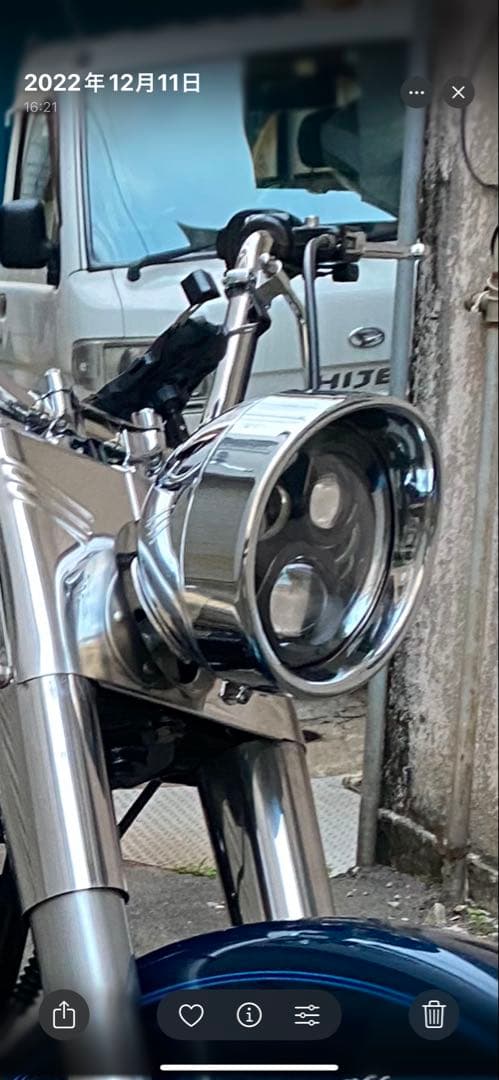 7インチヘッドライト一式とサービス品　バイク用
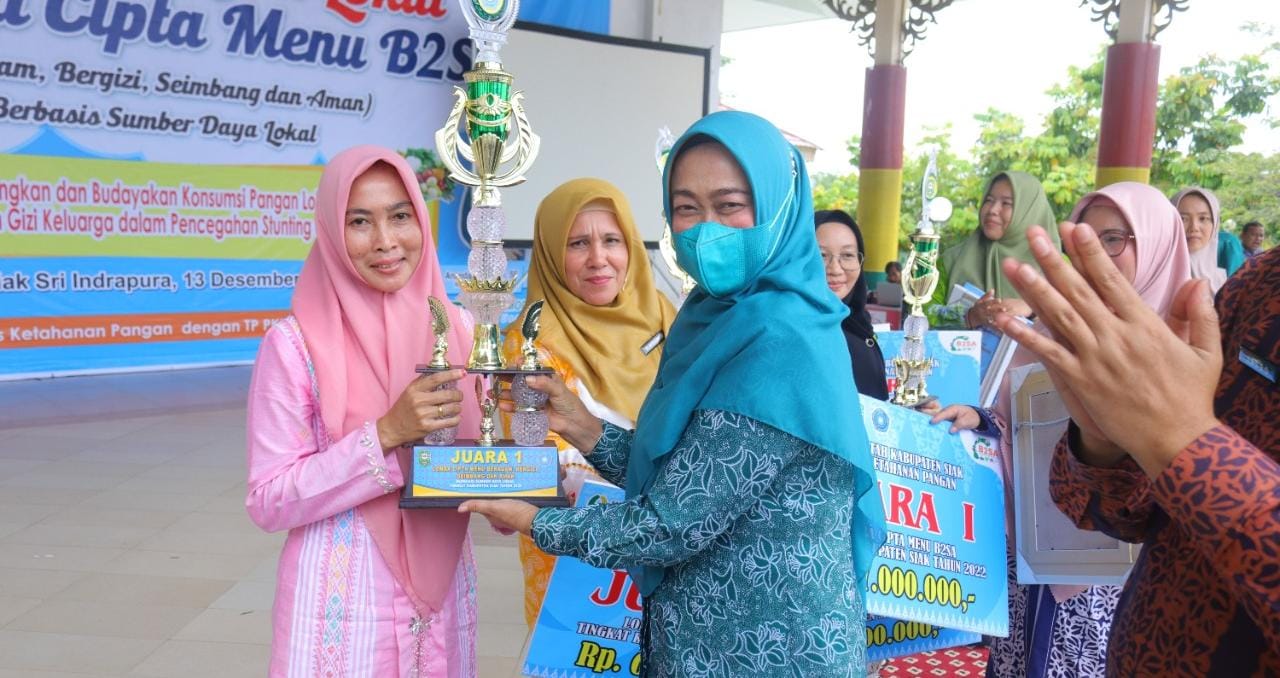 Kecamatan Sungai Mandau Raih Juara 1 Lomba cipta menu pangan B2SA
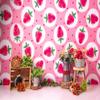 10x6.5ft Strawberry Photography Background Strawberry Birthday Backdrop Cartoon Background for Summer Party Photography Portraits Photo-Booth view 3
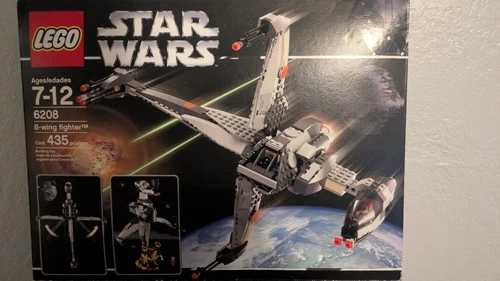 LEGO Star Wars B-wing Fighter 6208 Set - 435 Pieces- New Sealed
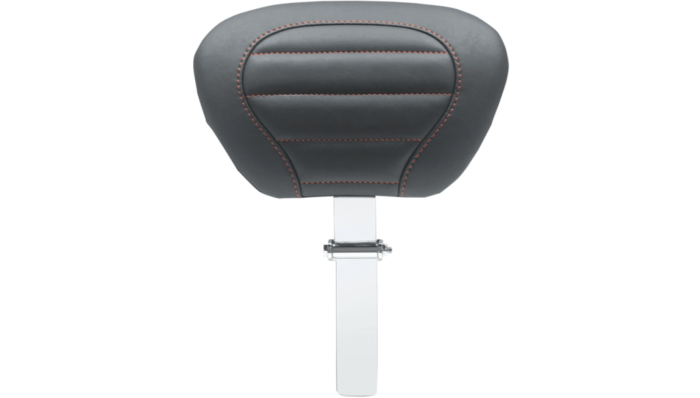 Mustang Deluxe Touring Removable Driver Backrest Red Harley Bagger Trike 2008+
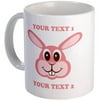 Cafepress Personalize Pink Bunny Mug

┄┄┄┄┄┄┄┄┄┄┄┄┄┄┄┄┄┄┄┄

• _Aim of the exercise_
Your task is to copy word for word the lines from the line containing "Mustang Deluxe Touring" to the end of the listing, both included, and to drop any pictures.

• _Finished task_
 Mustang Deluxe Touring Removable Driver Backrest Red Harley Bagger Trike 2008+
 Cafepress Personalize Pink Bunny Mug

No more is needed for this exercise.